Exactly as written, please set down all of the entries again, with no pictures.

(Items listed in a dataset)
----------

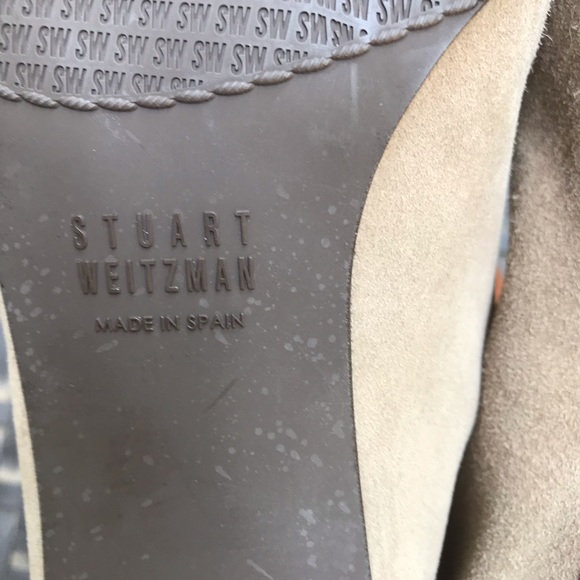 Stuart Weitzman Classic Suede Pump | Size 8.5 - Picture 4 of 9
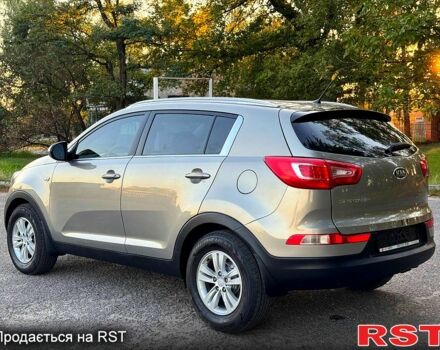 Сірий Кіа Sportage, об'ємом двигуна 2 л та пробігом 140 тис. км за 11980 $, фото 1 на Automoto.ua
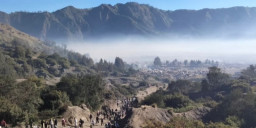 Merawat Tradisi Leluhur, Ribuan Warga Tengger Gelar Yadnya Kasada di Bromo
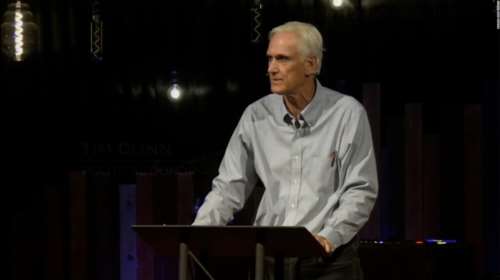 Forbes: Ο νέος μεγιστάνας του πετρελαίου που αγαπά... τη Βίβλο και ενοχλείται από τον Μπάιντεν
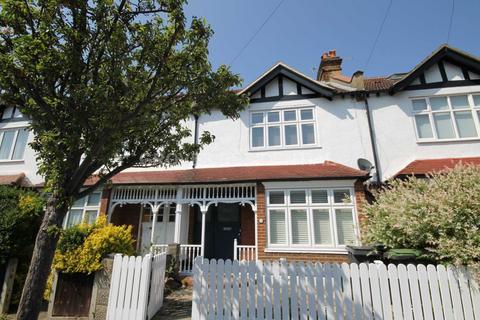 109 Chestnut Grove, New Malden, KT3 3JT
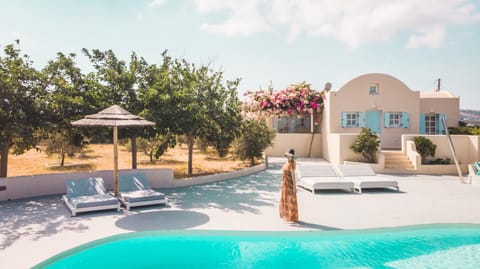 Property building, Swimming pool, Swimming pool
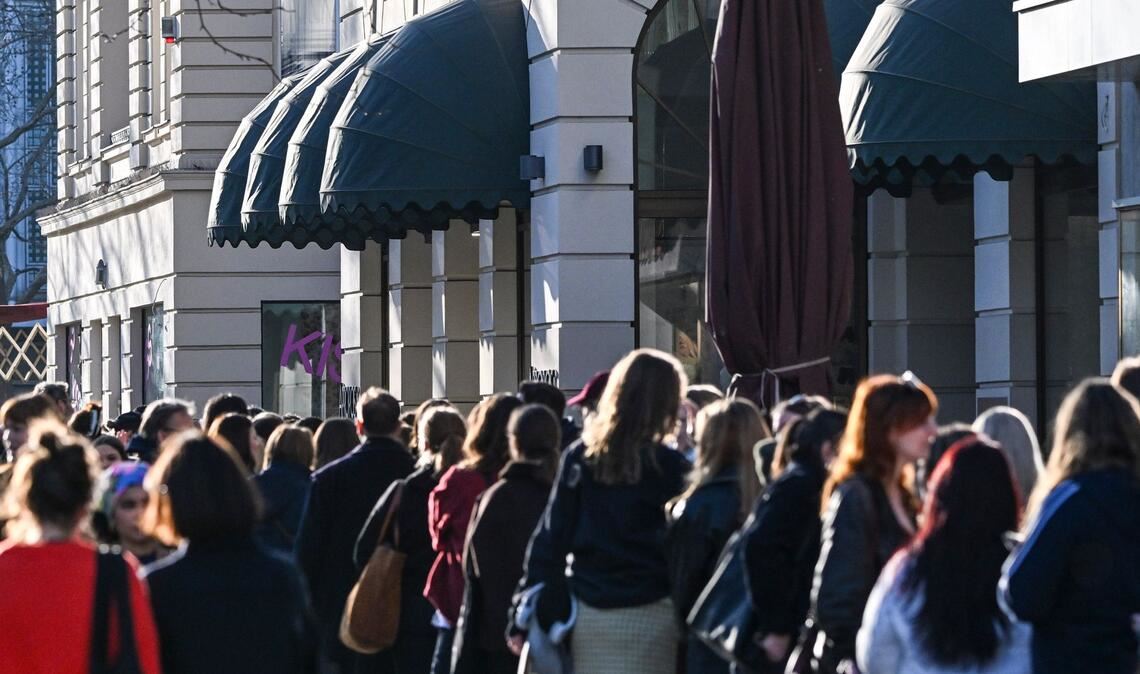 Lange Schlange: Viele Fans zog es zu einem Pop-up-Store zum neuen Album von Harry Styles. (Archivbild)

----------

> Response box:
 Stuart Weitzman Classic Suede Pump | Size 8.5 - Picture 4 of 9
 Сірий Кіа Sportage, об'ємом двигуна 2 л та пробігом 140 тис. км за 11980 $, фото 1 на Automoto.ua
 Merawat Tradisi Leluhur, Ribuan Warga Tengger Gelar Yadnya Kasada di Bromo
 Forbes: Ο νέος μεγιστάνας του πετρελαίου που αγαπά... τη Βίβλο και ενοχλείται από τον Μπάιντεν
 109 Chestnut Grove, New Malden, KT3 3JT
 Property building, Swimming pool, Swimming pool
 Lange Schlange: Viele Fans zog es zu einem Pop-up-Store zum neuen Album von Harry Styles. (Archivbild)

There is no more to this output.